From wheat field to innovator: how BYU-Idaho is changing the landscape of higher education
Editors Note: This is the second in a three part series on BYU-Idaho and the implications for higher education. Read part one of the series here. Read part three of the series here.
NEW YORK — J.D. Griffith walked off the subway and onto the bustling streets of midtown Manhattan. It was an April evening, cold and rainy, and he was a long way from home.
As he stepped into a church on Columbus Avenue, the din of the city — the honking cabs, the clattering of trains underground, the screech of brake lines on city buses — receded into silence.
Griffith had come to a special meeting at the LDS chapel with an unusual message. BYU-Idaho, the LDS Church's second largest university, was expanding its reach to students who had never considered college a real option.
As he walked into the chapel, Griffith was surprised at what he saw. He had expected maybe a dozen people to show up to the meeting, advertised largely by word of mouth, but instead, the place was packed with nearly two hundred potential students. As he made his way to the front, he shook hands with a young Japanese immigrant who spoke halting English, a group of Latin Americans from Guatemala, and five or six young adults of Chinese descent. People had come from as far away as Connecticut and New Jersey.
Griffith was excited so many people had shown up, but he also felt slightly intimidated. He had come to recruit more students, but this group had such diverse and pressing needs. Could BYU-Idaho help them all?
"These people were seeking education almost desperately," he said. "It seemed as if they were just pleading and begging for an opportunity to start an educational program, and I felt this overwhelming sense of urgency to help them."

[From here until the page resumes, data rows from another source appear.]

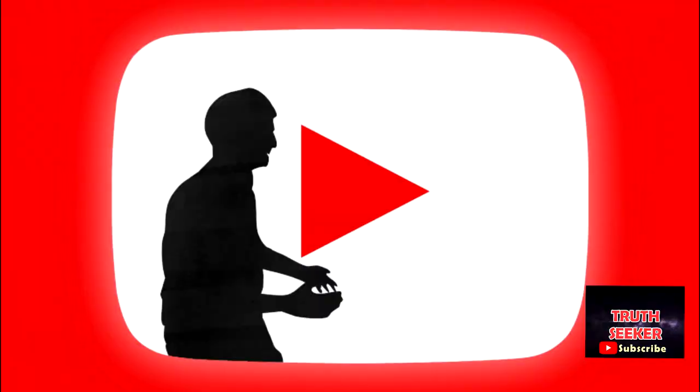If you like this video, please like and share, and don't forget to subscribe and hit the notification bell.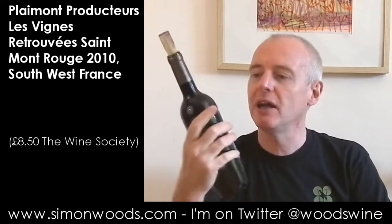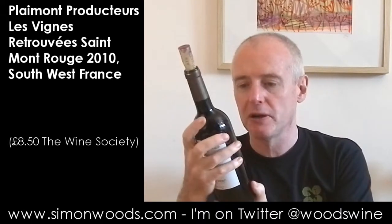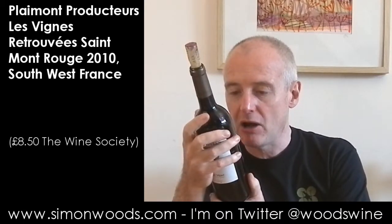Hi there, Simon from simonwoods.com. Today we have Les Vines Retrouvées 2010 from Saint-Mont in South-West France, made by Playmont Producteur. They rediscovered vines, and the grape varieties in particular are Pinoc, Cabernet Sauvignon, but the main one is Tannat.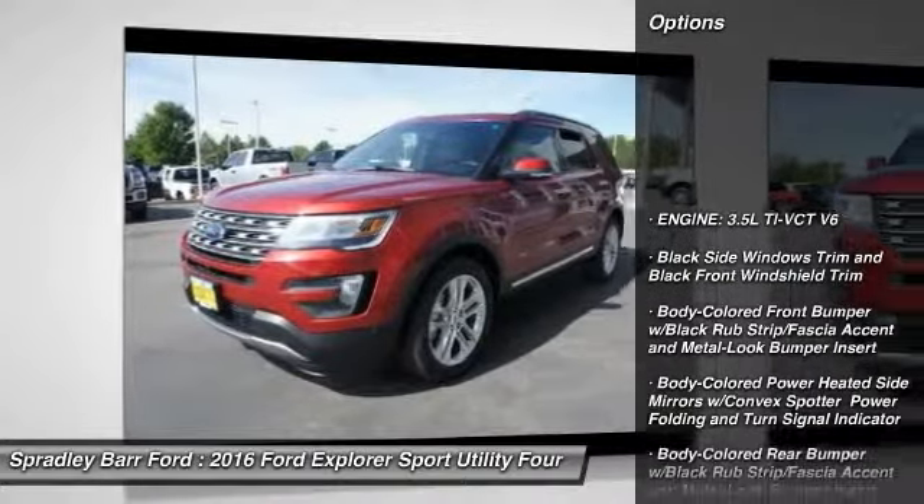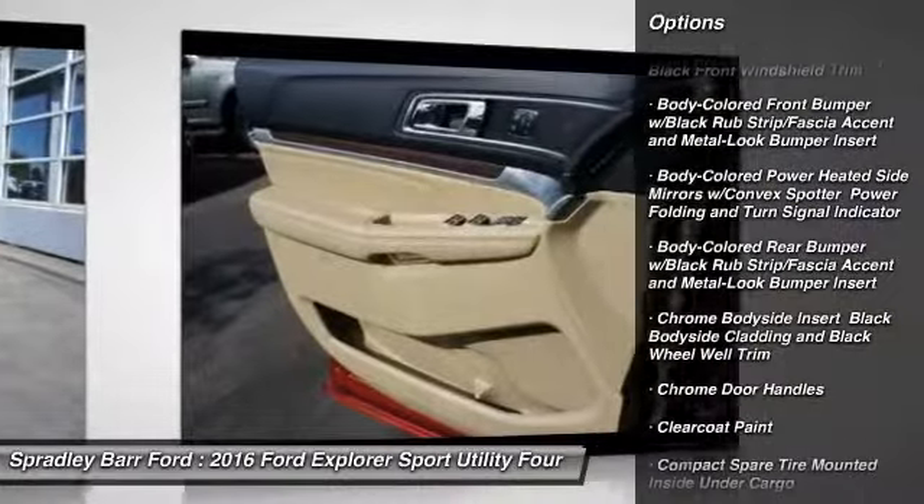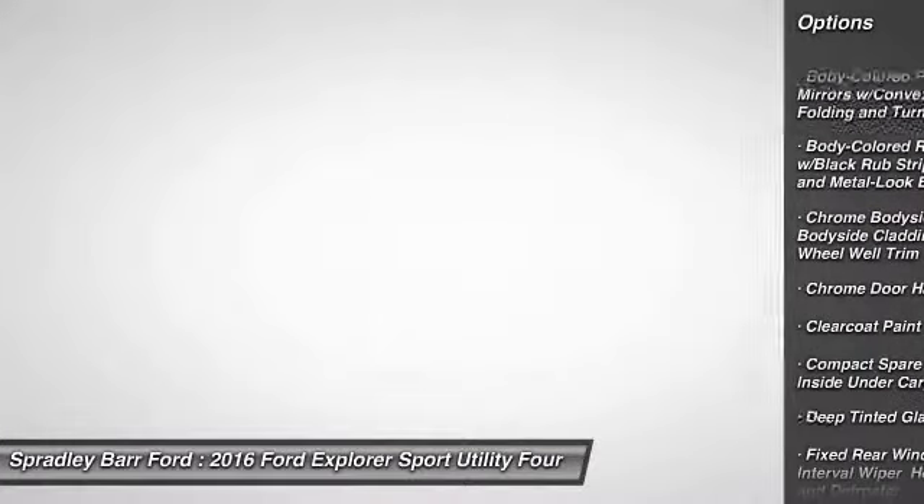Bluetooth. Universal garage door opener. Compass. Outside temperature gauge. Cargo net. Perimeter alarm. Tinted glass.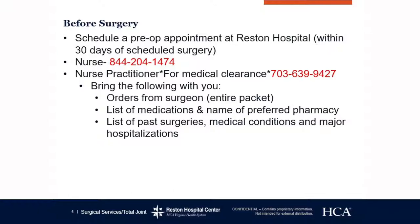Bring your list of all current medications, including over-the-counter vitamins, herbal supplements, and prescription medications. We need to know the name of that medication, the dose, and the frequency. The nurse will review arrival time for surgery, instructions for eating and drinking, and certain medications that you may need to hold prior to surgery. They will also give you the carb drinks and the special wash that you need to use the night before and the morning of.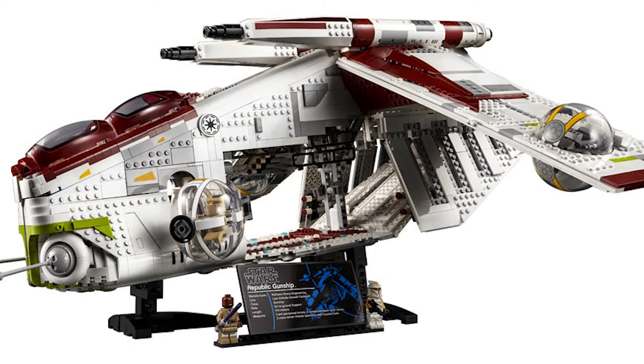Alright everyone, JT Bricks here, back again with another LEGO video. Today I'm discussing my thoughts on the new upcoming LEGO Star Wars Republic Gunship.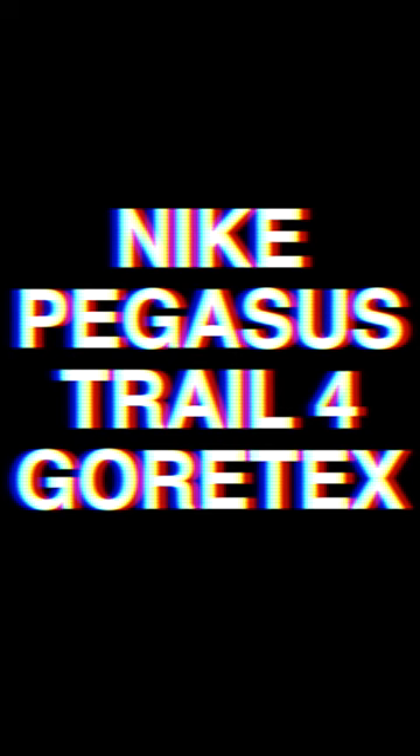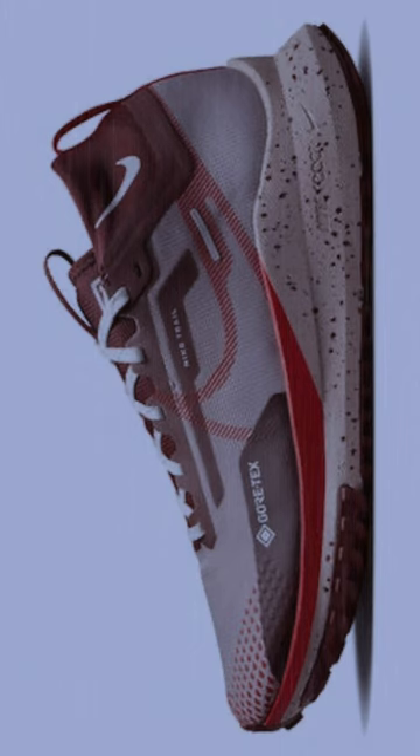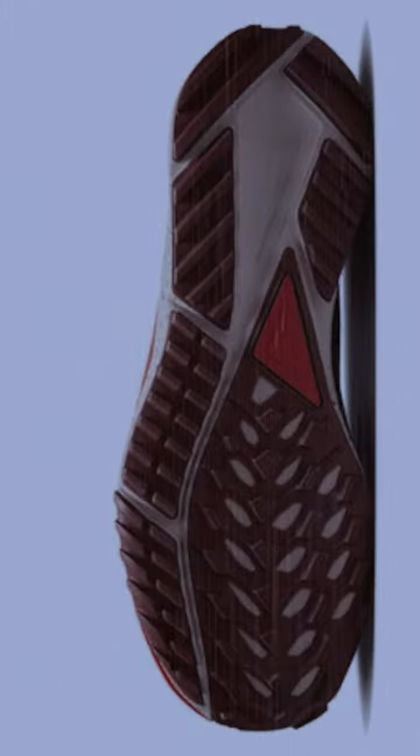Also this Road to Trail Beast, the Nike Pegasus Trail 4 Gore-Tex. Some water repellent qualities on this one, but I'm absolutely loving it on both road and trail right now. A really versatile shoe, don't miss out.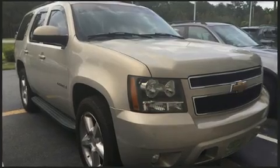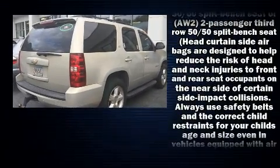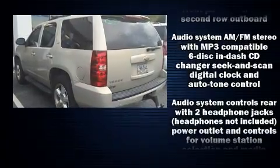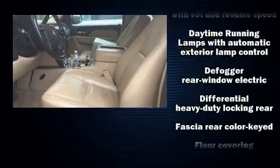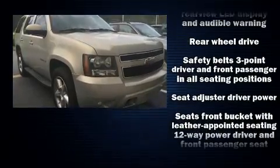remote keyless entry, and a split folding rear seat. Audio features include a CD player with MP3 capability and eight speakers, enhancing the audio experience throughout the interior. Chevrolet ensures the safety and security of its passengers with equipment such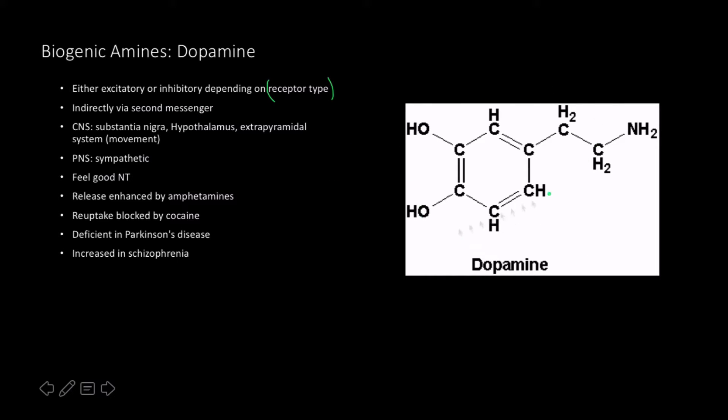Looking at the structure, it appears to have polar groups, though I'd have to count them to confirm water solubility. Dopamine is very important in fine-controlled motor movement and is found in the central nervous system at the Substantia Nigra, the hypothalamus, and the extrapyramidal system — a part of advanced motor movement. In the peripheral nervous system, it also plays a role in the sympathetic nervous system. Whenever people experience a good event, a lot of dopamine gets released — it's a feel-good neurotransmitter. Its release is enhanced by amphetamines; crystal meth or cocaine can produce roughly ten times the natural dopamine release. Its reuptake is also blocked by cocaine, so it stays in the synapse longer.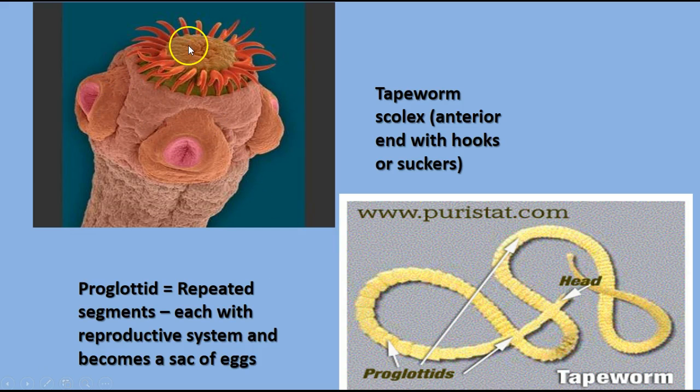Here's a close-up view of the scolex with its barb-like hooks that burrow into and stay in the intestinal wall, along with suction areas that help it attach. The proglottids contain reproductive organs and essentially become a sack of eggs that can grow into new tapeworms. Really not very pleasant animals.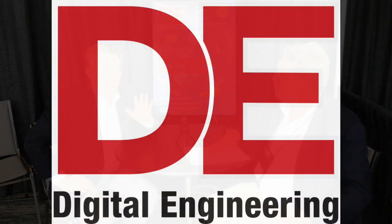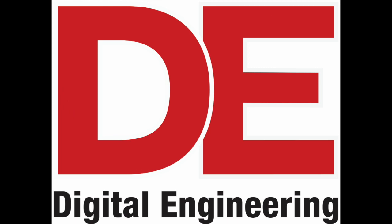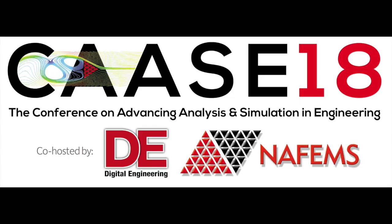I'll have the website so you can go check out Symmetrics and more — just contact the Digital Engineering editors. Chris, thanks a lot for your time. Thank you very much.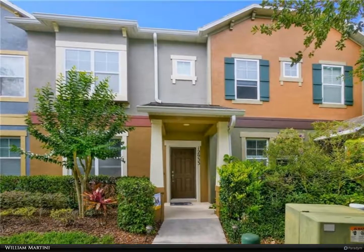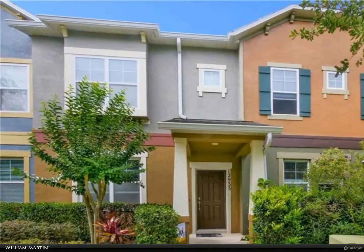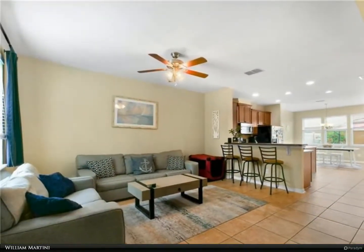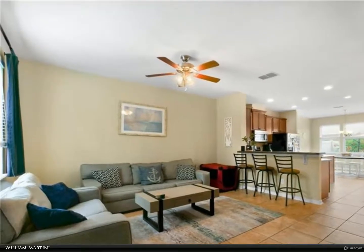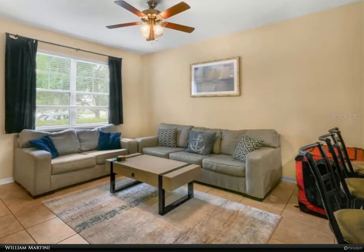This Berkshire Hathaway Home Services Florida Realty property video is presented by William Martini. Welcome to Wickham Park and this immaculate townhome offering three bedrooms, two full and one half baths.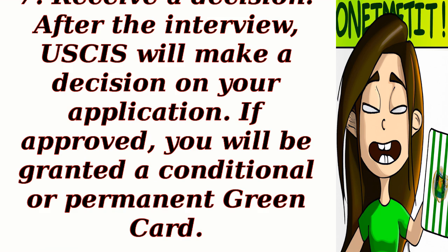Step 7: Receive a decision. After the interview, USCIS will make a decision on your application. If approved, you will be granted a conditional or permanent green card.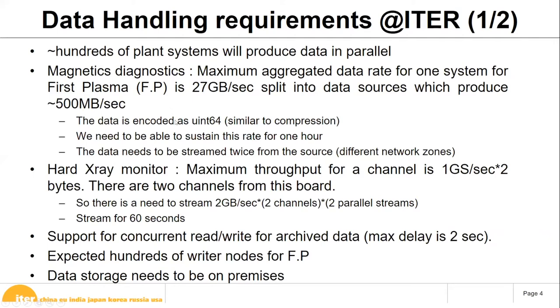Their data is already encoded — it's a form of compression, though not really sufficient compression. They have to encode it because without encoding, the data volume would double or triple. The data is stored as unsigned 64-bit and we use HDF5 metadata attributes to store the header so we can decode it later. We need to be able to sustain this data rate for one hour.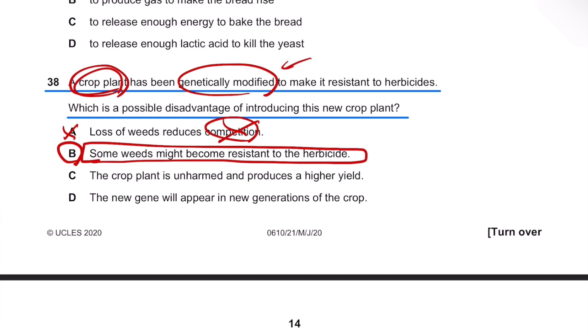So B is the right answer, but let's look at C. Option C states that the crop plant is unharmed and produces a higher yield — that's clearly a good thing, not a disadvantage.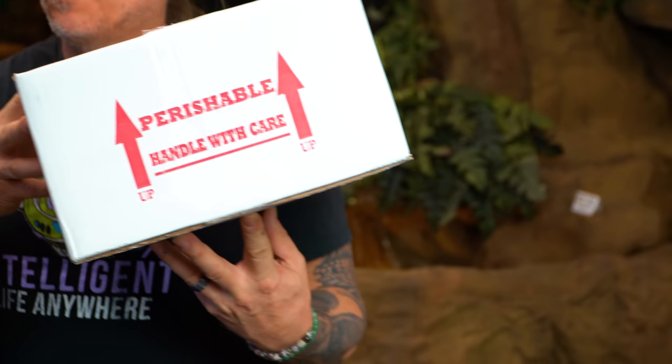Good morning everybody and welcome to the vlog. I hope the start of your day is amazing. Guess what? I've got a little bit of a package here that I am super excited about.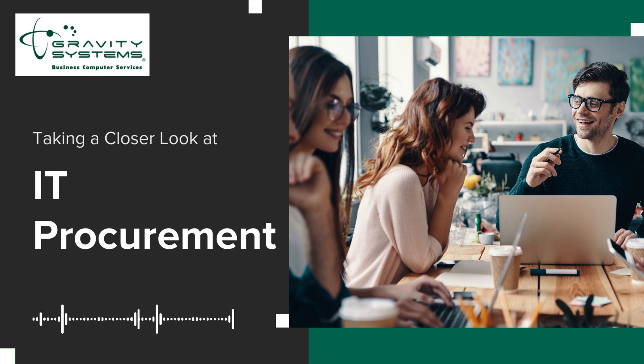Next up, do your market research. Compare different vendors and solutions. Look at their features, pricing, and how well they'll work with your existing systems. Research is key to finding the right fit for your organization.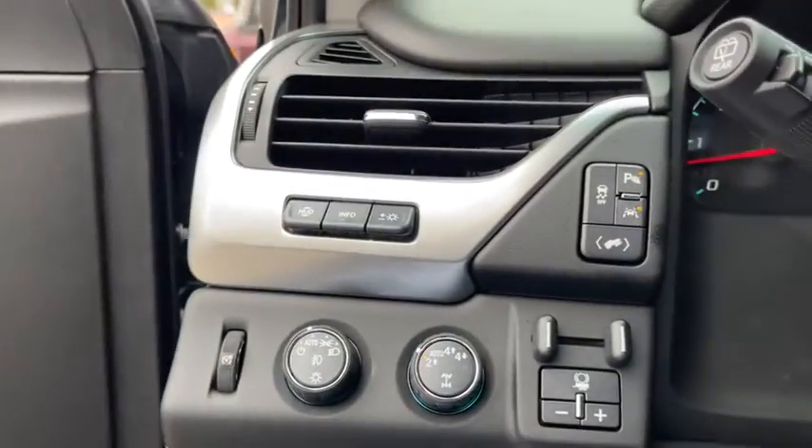This vehicle has less than 15,000 miles. Here are some of this vehicle's great options.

Griffith had come at the request of Kim Clark, a Harvard educated academic who ran BYU-Idaho. Since taking over a few years before, Clark had defined three priorities for the school: raise the quality of education, lower costs and reach more students. This came at a time in which public universities across the country were dealing with declining state budgets, as well as competition from online schools like the University of Phoenix, which offered more flexible ways to college graduation. Standing at the front of the chapel, Griffith announced a new initiative at BYU-Idaho — called the Pathway program — that would allow a nontraditional student to attain a degree remotely, whether it was a certificate or a bachelor's degree. The program would allow the school to extend its reach, thus fulfilling one of Clark's three imperatives.